Als u [Verzenden] of [Afdrukken & verzenden] heeft gebruikt met LAN-fax, wordt na een geslaagde verbinding een e-mail verzonden met het verzendresultaat.
Een kennisgeving van het verzendresultaat wordt via e-mail verzonden wanneer het afdrukken is voltooid, of als zich een fout voordoet tijdens de verbinding tussen dit apparaat en een computer.
Klik op het tabblad [E-mailinstellingen].
Schakel het selectievakje [Melden] in onder [Result. e-mailverz.].
Voer de bestemming in.
Als u het e-mailadres rechtstreeks invoert, klik u op het keuzerondje [Bestemmingen opgeven] en voert u vervolgens het e-mailadres in het veld [Bestemmingen opgeven] in.
Als u het adres invoert dat in het apparaat is geprogrammeerd, klikt u op het keuzerondje [Apparaatadres] en voert u vervolgens het registratienummer van de Bestemmingtoets in het veld [Apparaatadres].
Het veld [Apparaatadres] is niet beschikbaar als [Bestemmingen opgeven] is geselecteerd omdat u dan geen tekst in het tekstvak kunt invoeren.
Klik op [Verzenden] of [Afdrukken & verzenden].
![]()
U kunt verzendresultaten bevestigen via zowel de functie E-mail TX resultaten, die de resultaten per e-mail verstuurt, als het communicatieresultaatrapport.

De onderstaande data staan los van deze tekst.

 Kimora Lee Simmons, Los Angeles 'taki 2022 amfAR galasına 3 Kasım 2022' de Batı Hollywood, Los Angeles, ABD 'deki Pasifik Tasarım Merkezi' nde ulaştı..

U kunt instellen of u beide gecombineerd wilt gebruiken in gebruikerparameter (schakelaar 10, bit 6) van het menu Faxeigenschappen. Zie “Parameterinstellingen”.

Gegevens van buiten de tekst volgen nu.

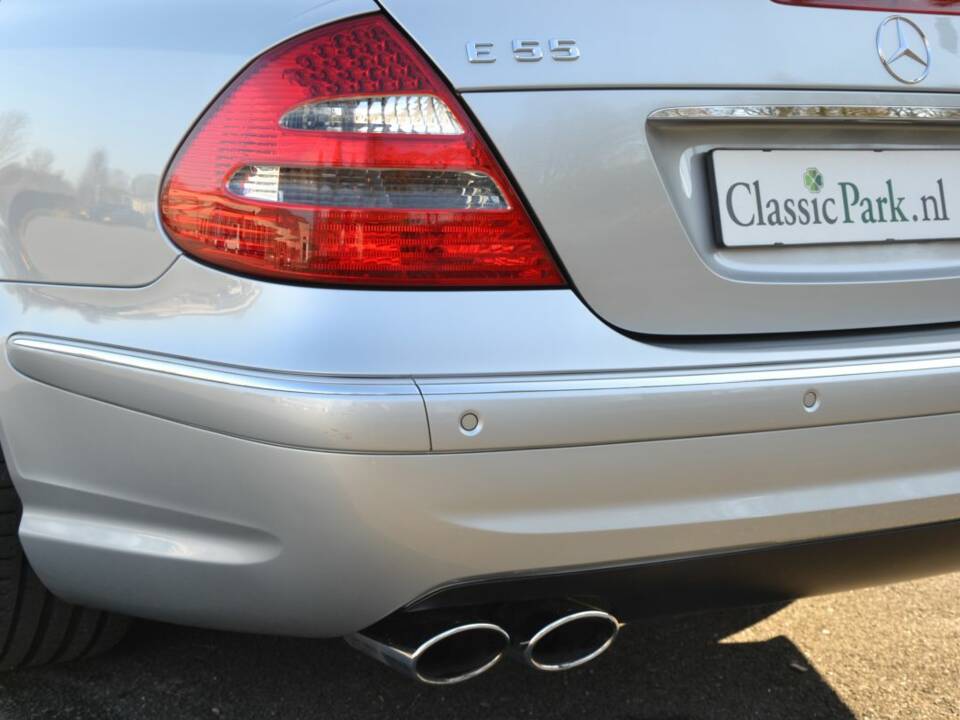 Imagen 47/100 de Mercedes-Benz E 55 AMG (2003)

Indien er onvoldoende configuraties van de Internetfaxverzending op dit apparaat zijn, of “Naam afzender autom. specificeren” is ingesteld op “Uit”, wordt de e-mail met e-mailverzendings- of LAN-faxresultaten niet verzonden of wordt het LAN-faxresultatenrapport niet afgedrukt. Zie de Handleiding Netwerk- en Systeeminstellingen voor informatie over de internetfaxinstellingen en het LAN-faxresultatenrapport.